R: Correlation – Finding out relation between data

This article shows how to calculate correlation between two data/variables using R programming language.

Correlation calculates the relation between two variables.

Positive Correlation: If the value of one variable increases with the increase in value of the another variable then the two variables are said to be positively correlated.

Negative Correlation: If the value of one variable decreases with the decrease in value of the another variable then the two variables are said to be negatively correlated.

For this example, we have two variables: height and weight. These variables have some values and they have a relation. In the below example data: 60kg of weight has 150cm in height, 70kg in weight has 160cm in height, and so on.

To calculate correlation between two variables, we use cor() function. It shows how positively or negatively the two variables are correlated.


> height <- c (150, 160, 140, 155, 148, 177, 167, 126, 149, 131)
> weight <- c (60, 70, 55, 55, 58, 80, 75, 45, 50, 44)

> cor.result = cor(height, weight) # calculate correlation between two variables
> print (cor.result) # height and weight are positively correlated
[1] 0.9307801

We can also specify the correlation method which can be either pearson, spearman or kendall.


> cor.result = cor(height, weight, method = 'pearson') # pearson, spearman, kendall
> print (cor.result)
[1] 0.9307801

Below, we create a data frame of height and weight. Then, we calculate the correlation of the data frame. This is useful to show how height is correlated with weight and how weight is correlated with height in a single result.


> df = data.frame(ht = height, wt = weight) # create data frame of height and weight
> cor.result = cor(df) # calculate correlation
> print (cor.result)
          ht        wt
ht 1.0000000 0.9307801
wt 0.9307801 1.0000000

Below, we create a new variable named exercise. Exercise variable contains exercise done by people in number of minutes. So, taking all three variables, it can be observed that people with 60kg of weight has 150cm in height and does 10 minutes of exercise, 70kg in weight has 160cm in height and does 7 minutes of exercise, and so on.

Now, we calculate the correlation between three different variables: height, weight, and exercise. We use data frame to show the result. We show how height is correlated with weight and exercise, how weight is correlated with height and exercise, and how exercise is correlated with height and weight.

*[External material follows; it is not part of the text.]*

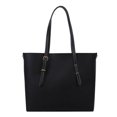 thumbnail image 1 of 2 unids/set bolso de mano de PU sólido para mujer bolso de mano de hombro de gran capacidad (negro) Likrtyny Para estrenar, 1 of 9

> exercise <- c (10, 7, 6, 8, 9, 2, 4, 20, 15, 18)
> df = data.frame(height = height, weight = weight, exercise = exercise) # create data frame with height, weight, and exercise
> cor.result = cor(df)
> print (cor.result) # result shows height and weight are negatively correlated with exercise
             height     weight   exercise
height    1.0000000  0.9307801 -0.8539712
weight    0.9307801  1.0000000 -0.8779157
exercise -0.8539712 -0.8779157  1.0000000

Plotting two graphs. One with the correlation between height and exercise. And, the other with correlation between weight and exercise.


> plot (height, exercise) # plot chart
> plot (weight, exercise) # plot chart

correlation

correlation

Hope this helps. Thanks.